While such well depths and architecture may increase the likelihood of accessing underground hydrocarbons, other challenges are presented in terms of well management and the maximization of hydrocarbon recovery from such wells. For example, during the life of a well, a variety of well access applications may be performed within the well with a host of different tools or measurement devices. However, providing downhole access to wells of such challenging architecture may require more than simply dropping a wireline cable into the well with the applicable tool located at the end thereof. Thus, coiled tubing is frequently employed to provide access to wells of such challenging architecture.
Coiled tubing operations are particularly adept at providing access to highly deviated or tortuous wells where gravity alone fails to provide access to all regions of the wells. During a coiled tubing operation, a spool of pipe (i.e., a coiled tubing) with a downhole tool at the end thereof is slowly straightened and forcibly pushed into the well. This may be achieved by running coiled tubing from the spool and through a gooseneck guide arm and injector which are positioned over the well at the oilfield. In this manner, forces necessary to drive the coiled tubing through the deviated well may be employed, thereby delivering the tool to a desired downhole location.
Applications which may be carried out via coiled tubing include perforating, isolating and others which may involve the use of a firing head. For example, in the specific case of perforating, a firing head may be employed to set off a perforating gun in order to form perforations into a formation surrounding a main bore of the well. Given the generally cable-free nature of the coiled tubing and the potential well depths involved, it may be advantageous to actuate such a firing head in a remote fashion. Generally, this is achieved by way of ball-drop technique, whereby a ball or other suitable projectile is introduced into the coiled tubing at the oilfield surface and allowed to migrate downhole to a ball seat at the firing head which ultimately triggers firing thereof.

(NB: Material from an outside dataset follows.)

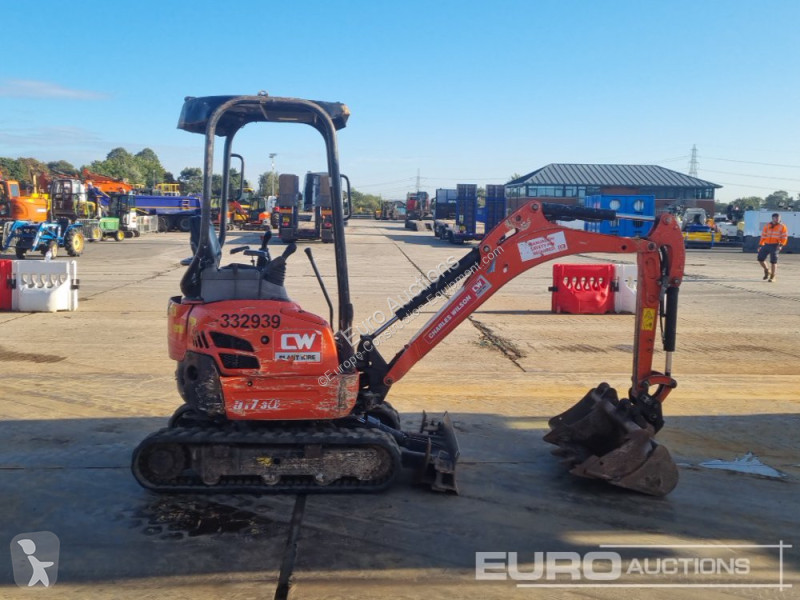 Excavadora Kubota U17-3A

The noted ball-drop technique may be a bit lacking in terms of speed and precision. That is to say, the time elapse between the introduction of the ball to the coiled tubing at surface and the actual triggering may be quite significant and variable. So for example, depending on the depths and flow rates involved, this time elapse may average 30 minutes, plus or minus several more minutes. Therefore, where a quicker or more accurate triggering technique is desired, the ball-drop technique may be replaced with a flow signature technique. That is, given an available fluid flow through the coiled tubing, the firing head may be equipped with a flow detector receptive to a flow signature generated at surface. For example, pump rates of between about ½ barrel per minute (BPM) and about 2 BPM may be dynamically employed to generate a signal recognizable by the firing head to achieve activation thereof. Further, with a column of fluid already flowing within the coiled tubing, no significant time elapse between signal generation at surface and downhole firing head triggering may result. Thus, a more timely and accurate activation may be achieved.
While potentially more timely and accurate, a flow directed activation of a firing head is primarily responsive to conventional liquid fluid flow. However, in many circumstances, the introduction of liquids into the well via the coiled tubing may present significant drawbacks. For example, in many environments coiled tubing fluid in the form of seawater is employed until such time as the well begins producing. Thereafter, the coiled tubing flow may consist of a more inert nitrogen or other gas so as to avoid killing or otherwise hampering well production.
Unfortunately however, employing a flow signature for firing head detection is generally unreliable where a conventional flow detector and gas flow are utilized. Therefore, a degree of time savings and accuracy are generally sacrificed where triggering of a firing head is sought in environments which are non-conducive to the introduction of fluid flow.